++++ Information supplied ++++
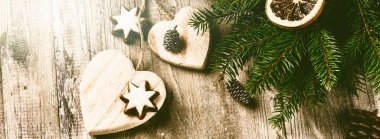 Vintage tarzı eski ahşap arka plan üzerinde Noel süsleri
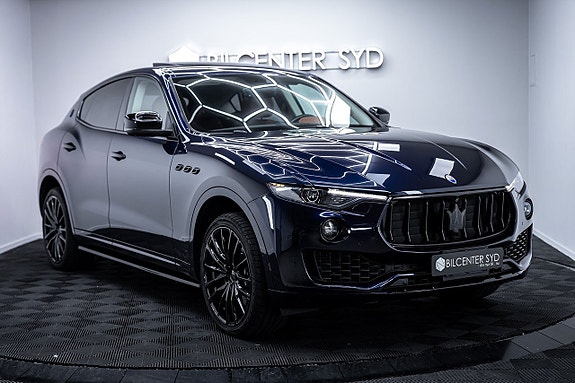 Maserati Levante 5 of 27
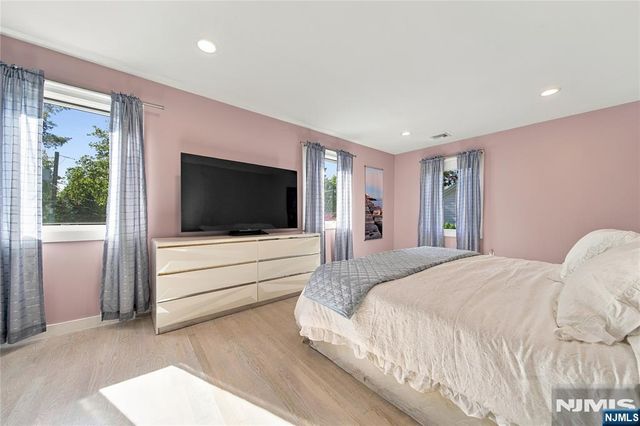 19 Coppel Drive, Tenafly, NJ 07670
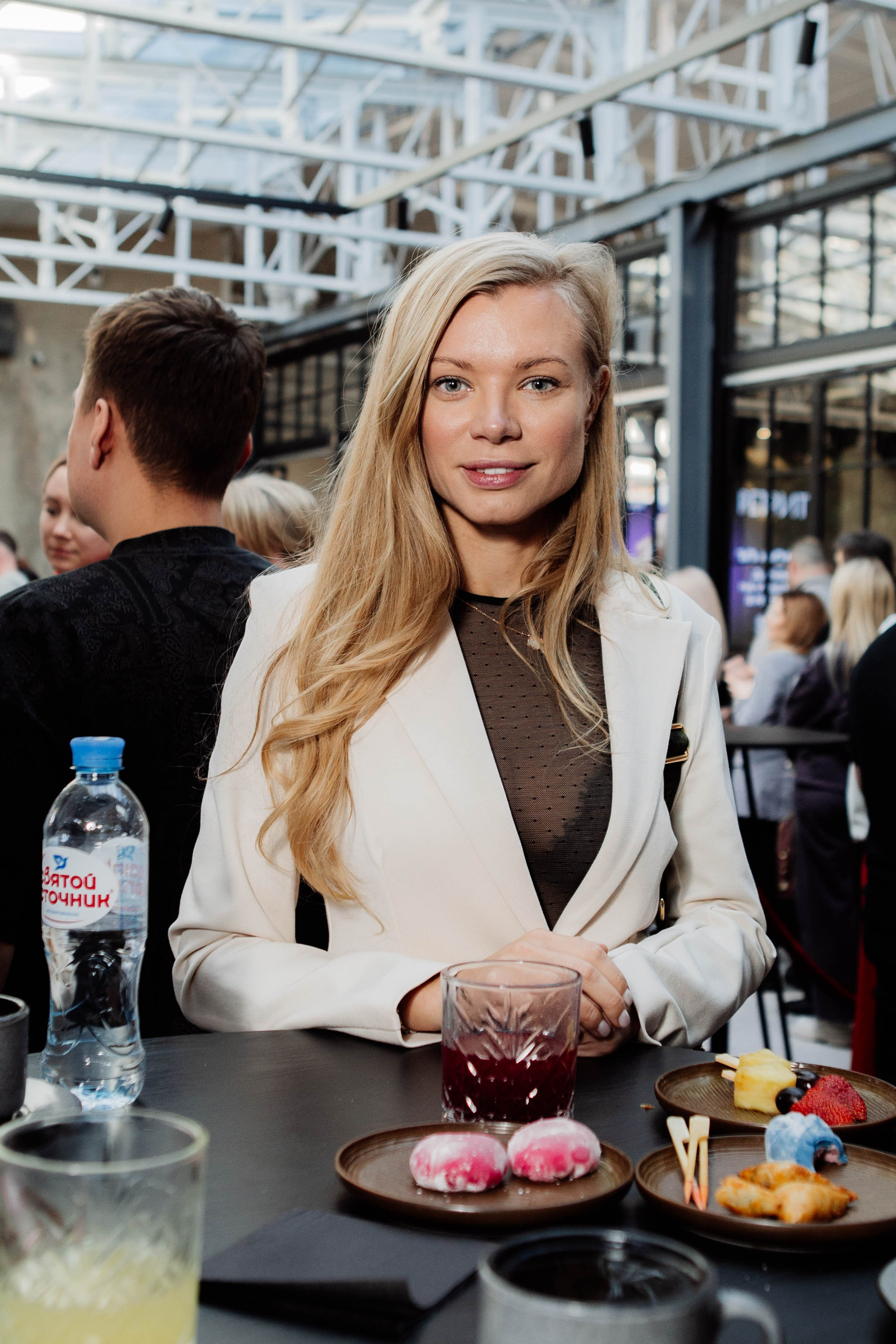 ШОУ ВЛАДИМИРА ДРЕВСА. Репортажный фотограф Москва (детские праздники, квизы, концерты, дни рождения, свадьбы)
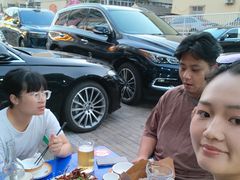 -超越海鲜屋(飞龙物业店)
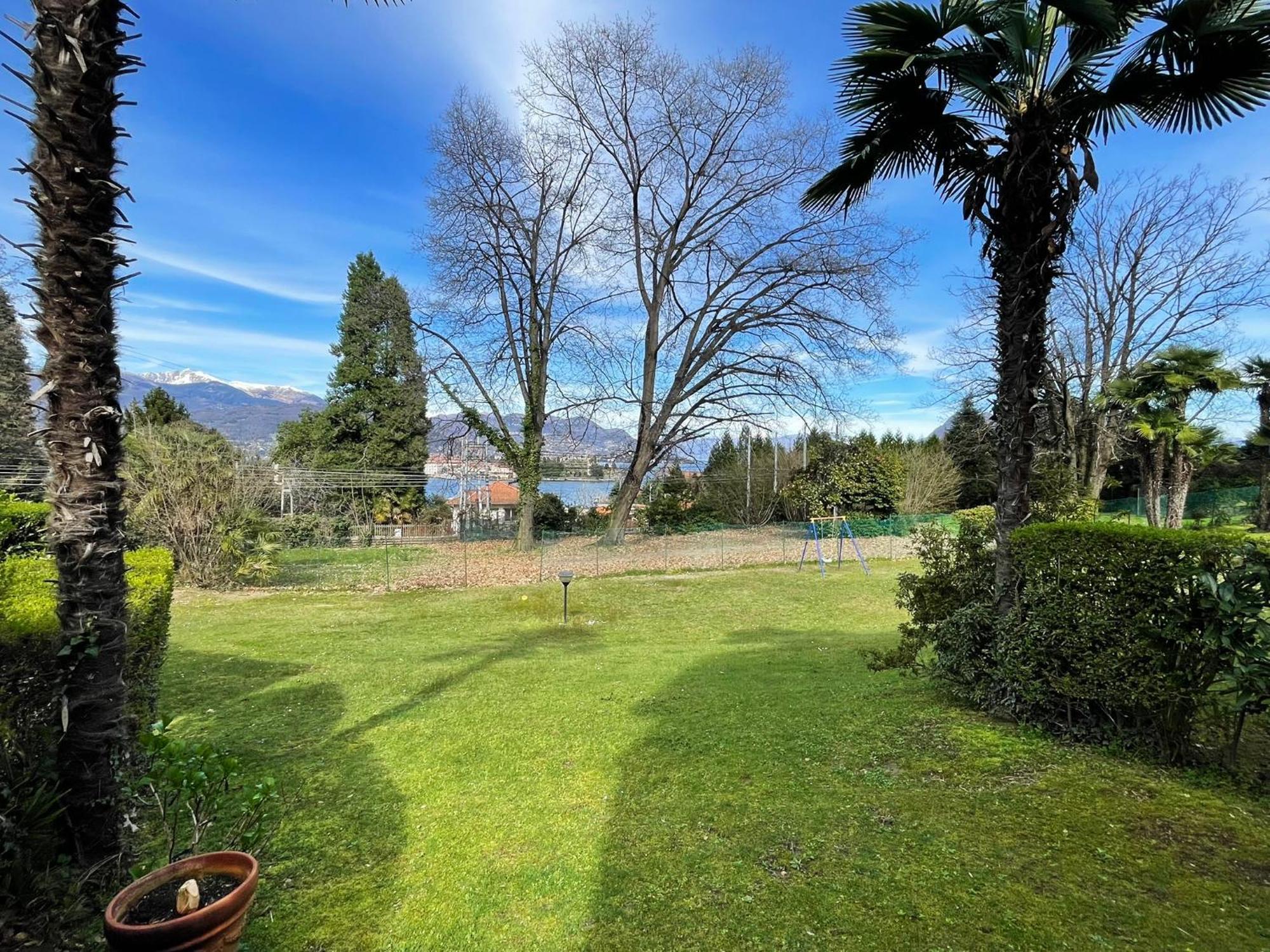 Lovingstresa3 Giardino Del Lago Экстерьер фото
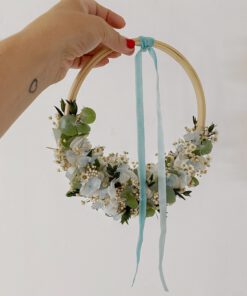 Porta alianzas con flores preservadas en aro madera natural.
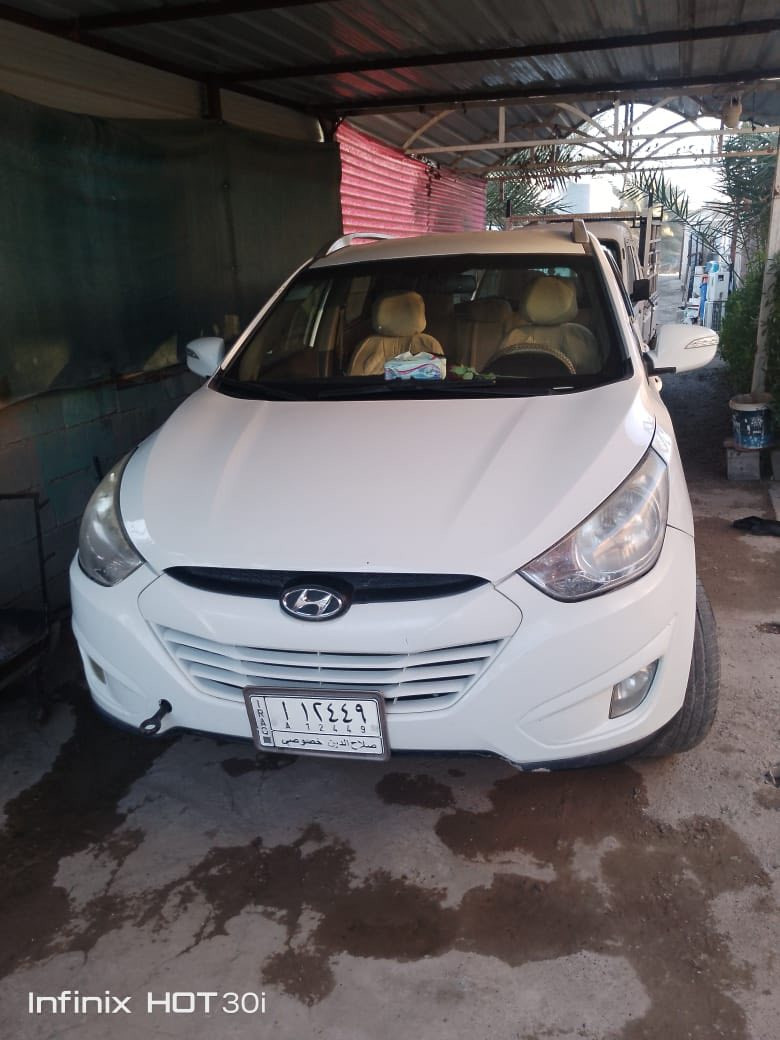 السلام عليكم 
توسان 2011 خليجي
رقم صلاح الدين 
بيها ربع قطع بدون دواخل أبيعك حزام 
باقي التفاصيل اتصل 
مكان تكريت البهيازع 
***********
السعر 110
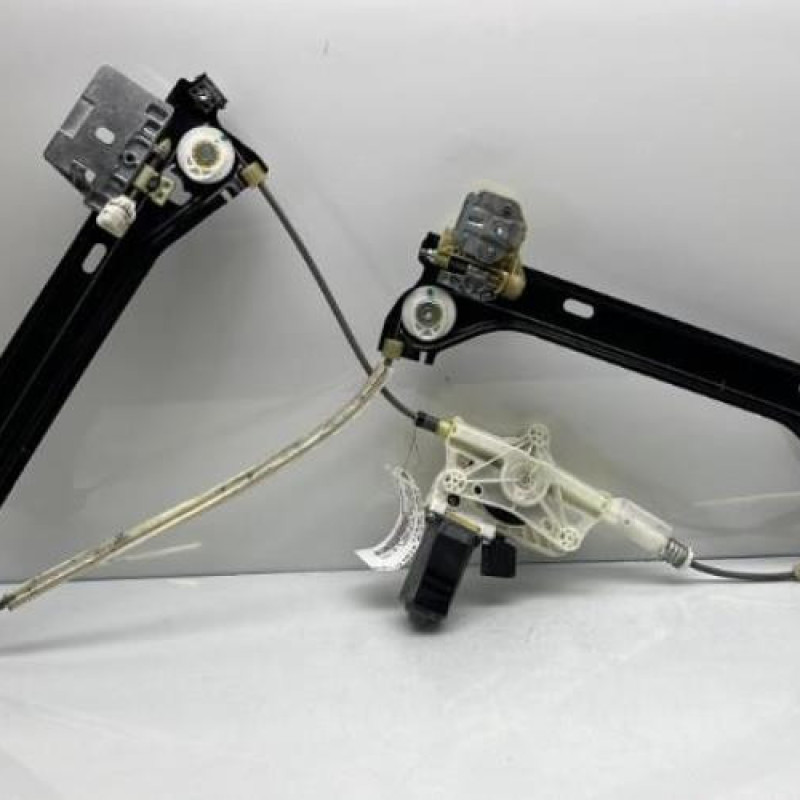 Leve vitre electrique avant droit MERCEDES CLASSE CLA 117 Photo n°9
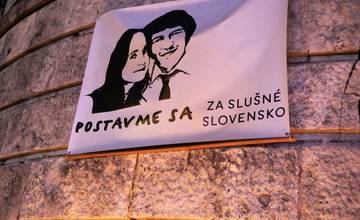 Na dnešnom zhromaždení Za slušné Slovensko budú žiadať aj hlavu policajného prezidenta Gašpara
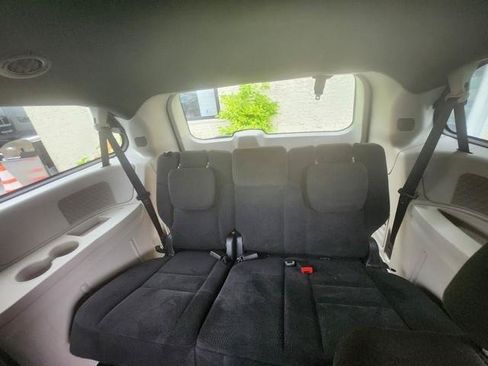 Used 2016 Dodge Grand Caravan SE FWD image 19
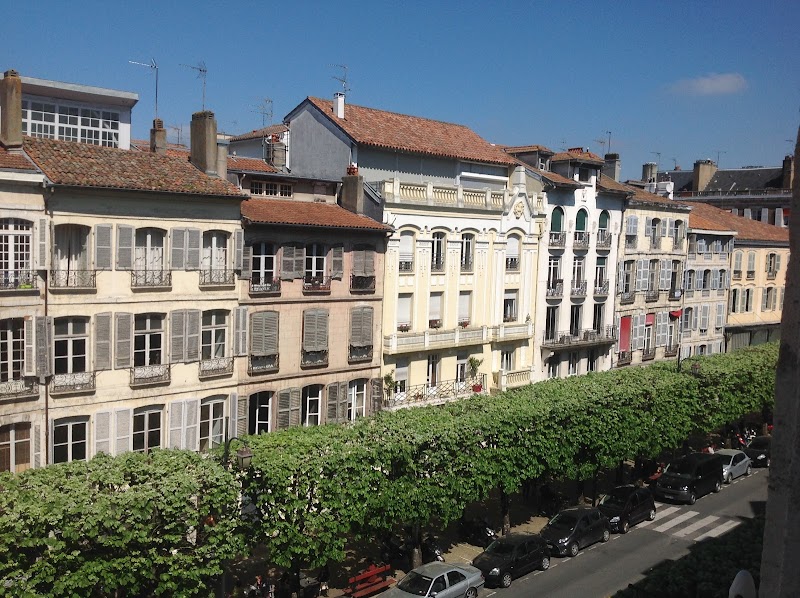 Hotel Mercure Bayonne Centre Le Grand Hotel in Bayonne, France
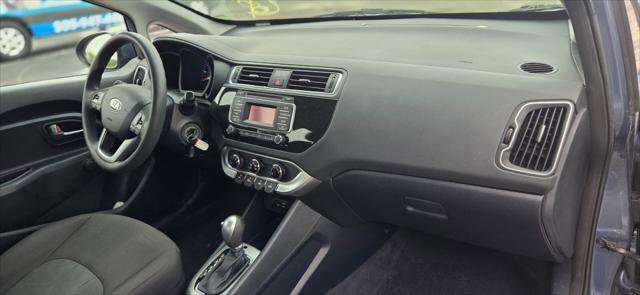 Used 2016 Kia Rio LX image 16
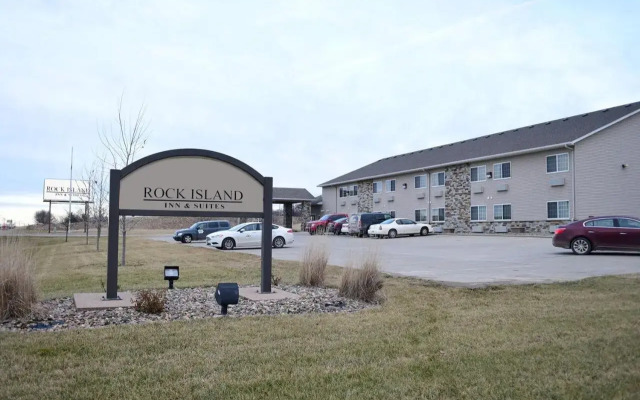 Rock Island Inn & Suites
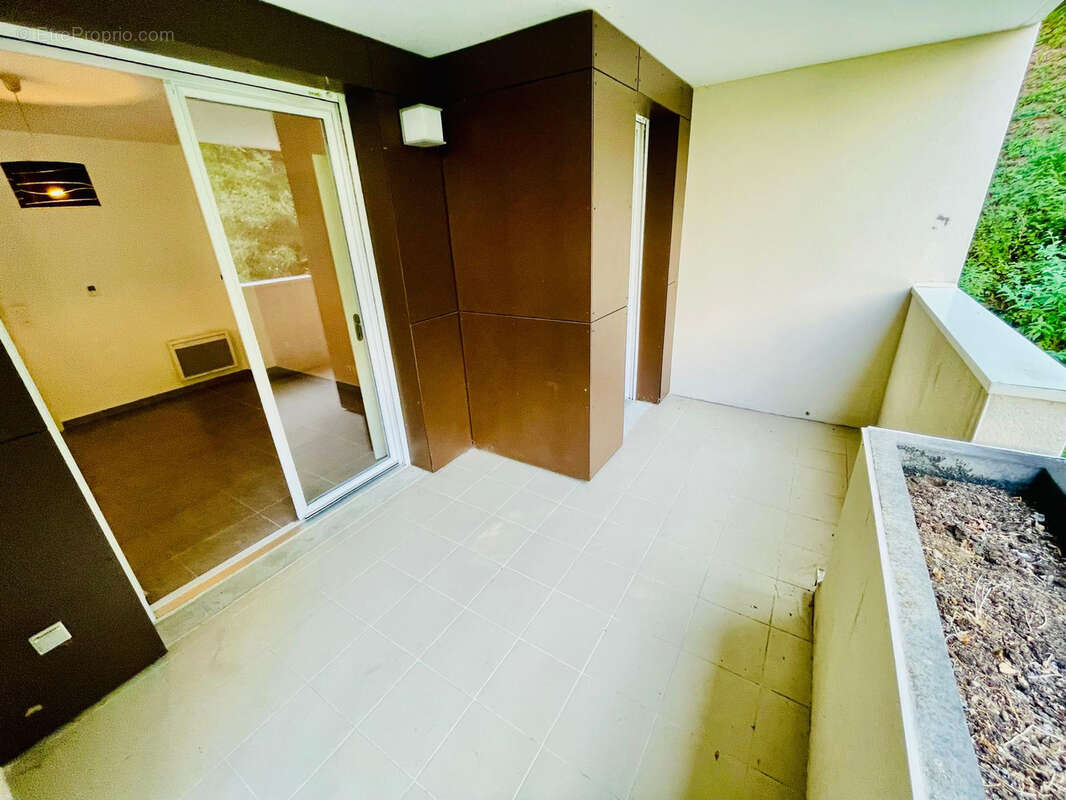 Appartement à POISAT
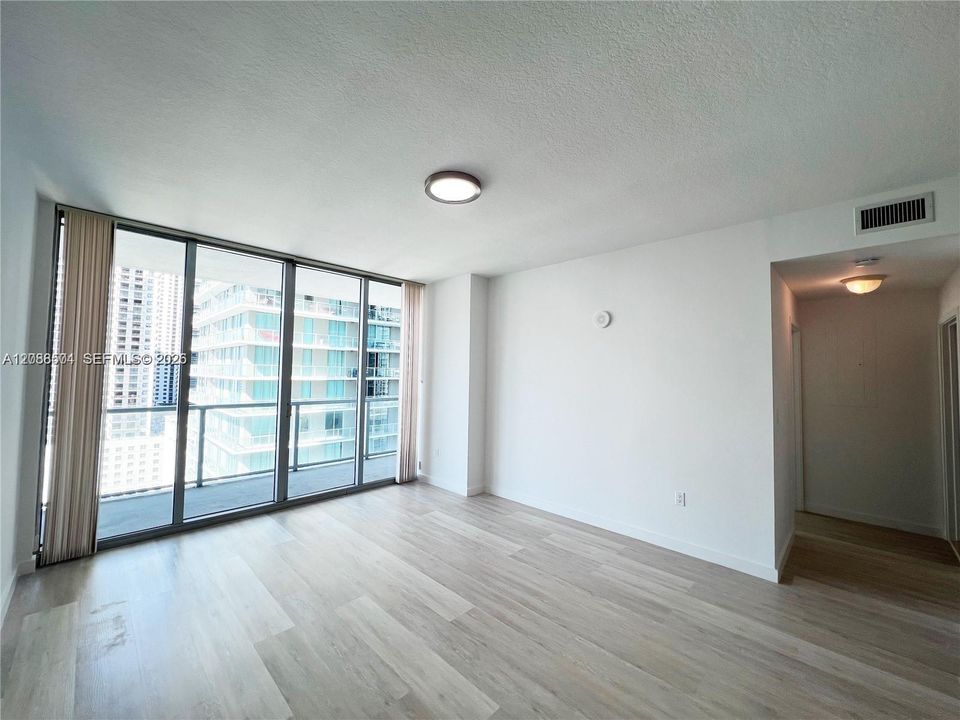 For Sale: $590,000 (2 beds, 2 baths, 1024 Square Feet)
++++
**Exercise prompt:** All that is wanted is the lines above between the one containing "بيها ربع قطع بدون دواخل أبيعك حزام" and the one containing "Hotel Mercure Bayonne", inclusive, restated word for word, with pictures omitted.

**Output of the exercise:**
بيها ربع قطع بدون دواخل أبيعك حزام 
باقي التفاصيل اتصل 
مكان تكريت البهيازع 
***********
السعر 110
 Leve vitre electrique avant droit MERCEDES CLASSE CLA 117 Photo n°9
 Na dnešnom zhromaždení Za slušné Slovensko budú žiadať aj hlavu policajného prezidenta Gašpara
 Used 2016 Dodge Grand Caravan SE FWD image 19
 Hotel Mercure Bayonne Centre Le Grand Hotel in Bayonne, France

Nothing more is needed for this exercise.